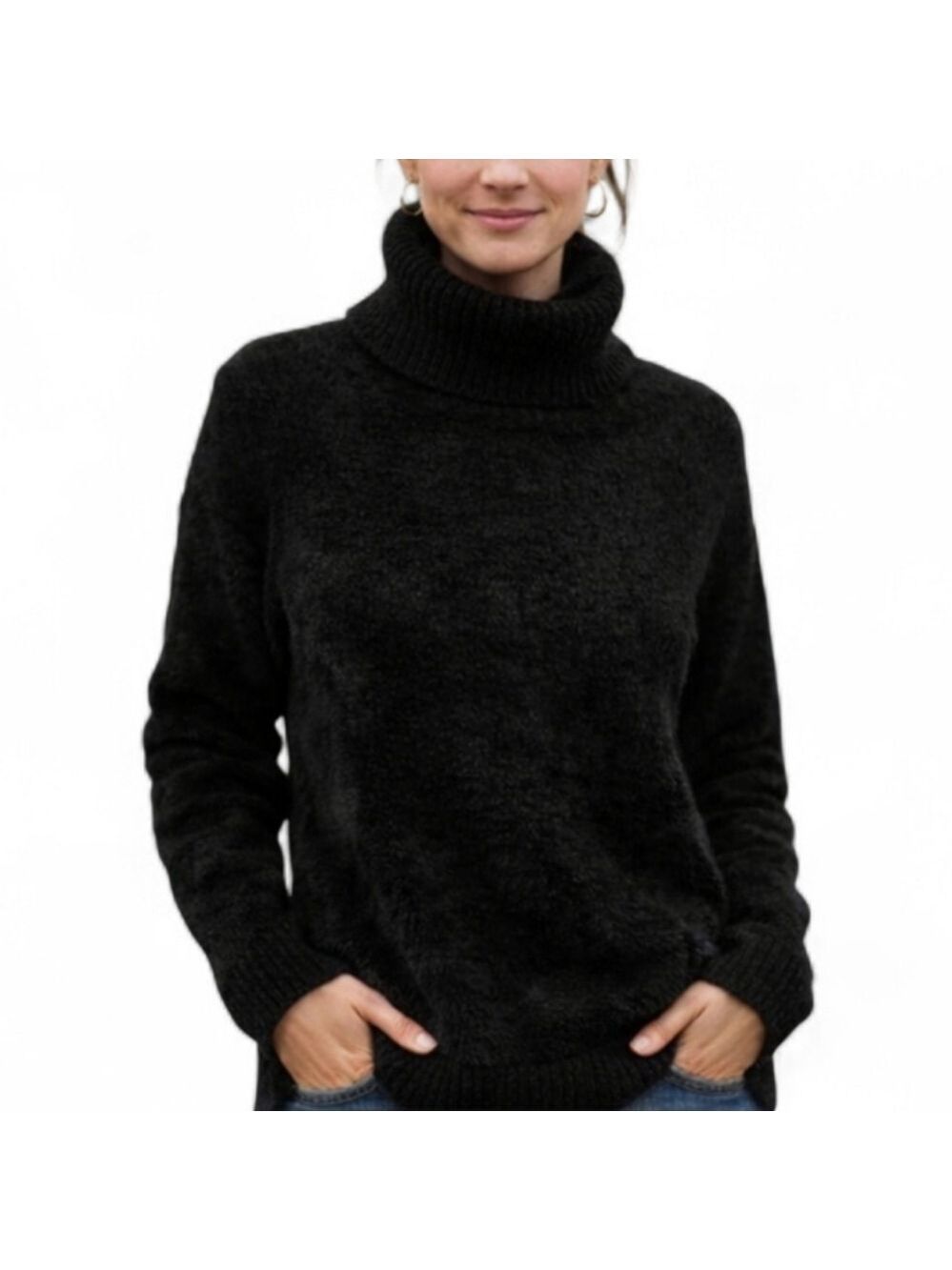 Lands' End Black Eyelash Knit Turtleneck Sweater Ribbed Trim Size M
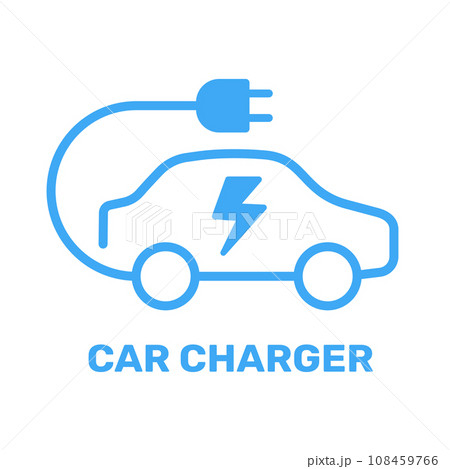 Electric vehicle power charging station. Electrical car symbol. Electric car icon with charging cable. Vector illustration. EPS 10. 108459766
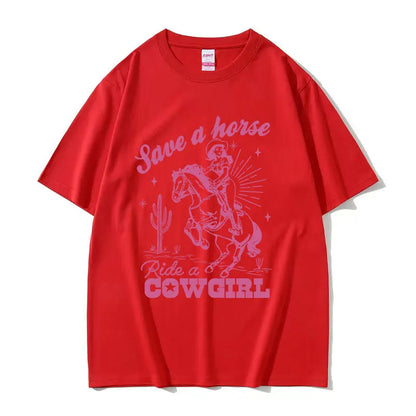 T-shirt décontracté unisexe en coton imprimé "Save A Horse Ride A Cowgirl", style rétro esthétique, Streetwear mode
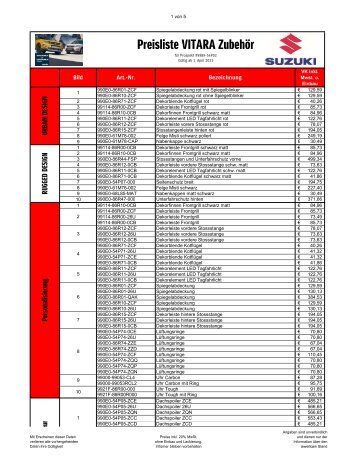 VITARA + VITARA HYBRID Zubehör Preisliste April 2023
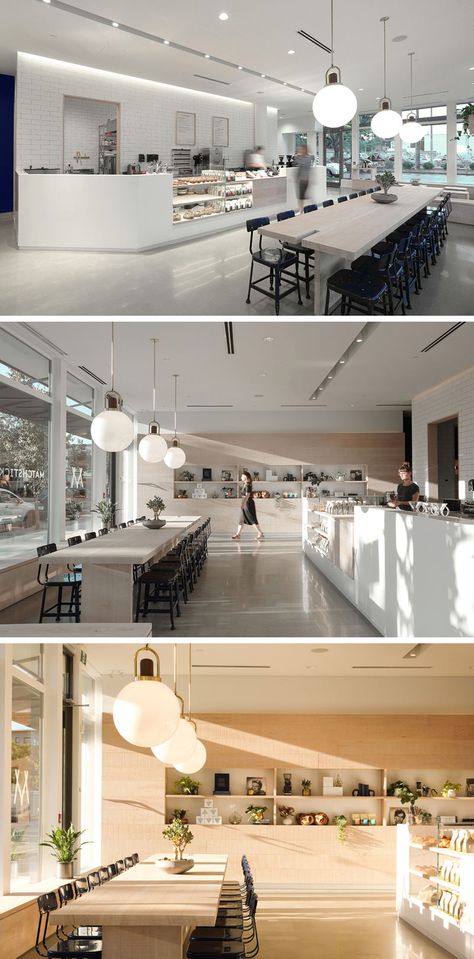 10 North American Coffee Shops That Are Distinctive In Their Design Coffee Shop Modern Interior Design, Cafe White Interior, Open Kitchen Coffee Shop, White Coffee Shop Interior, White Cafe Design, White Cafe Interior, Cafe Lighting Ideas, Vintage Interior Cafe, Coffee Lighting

> [What this task involves]:
Transcribe the material as is, with images omitted.

> [Solved exercise]:
 Lands' End Black Eyelash Knit Turtleneck Sweater Ribbed Trim Size M
 Electric vehicle power charging station. Electrical car symbol. Electric car icon with charging cable. Vector illustration. EPS 10. 108459766
 T-shirt décontracté unisexe en coton imprimé "Save A Horse Ride A Cowgirl", style rétro esthétique, Streetwear mode
 VITARA + VITARA HYBRID Zubehör Preisliste April 2023
 10 North American Coffee Shops That Are Distinctive In Their Design Coffee Shop Modern Interior Design, Cafe White Interior, Open Kitchen Coffee Shop, White Coffee Shop Interior, White Cafe Design, White Cafe Interior, Cafe Lighting Ideas, Vintage Interior Cafe, Coffee Lighting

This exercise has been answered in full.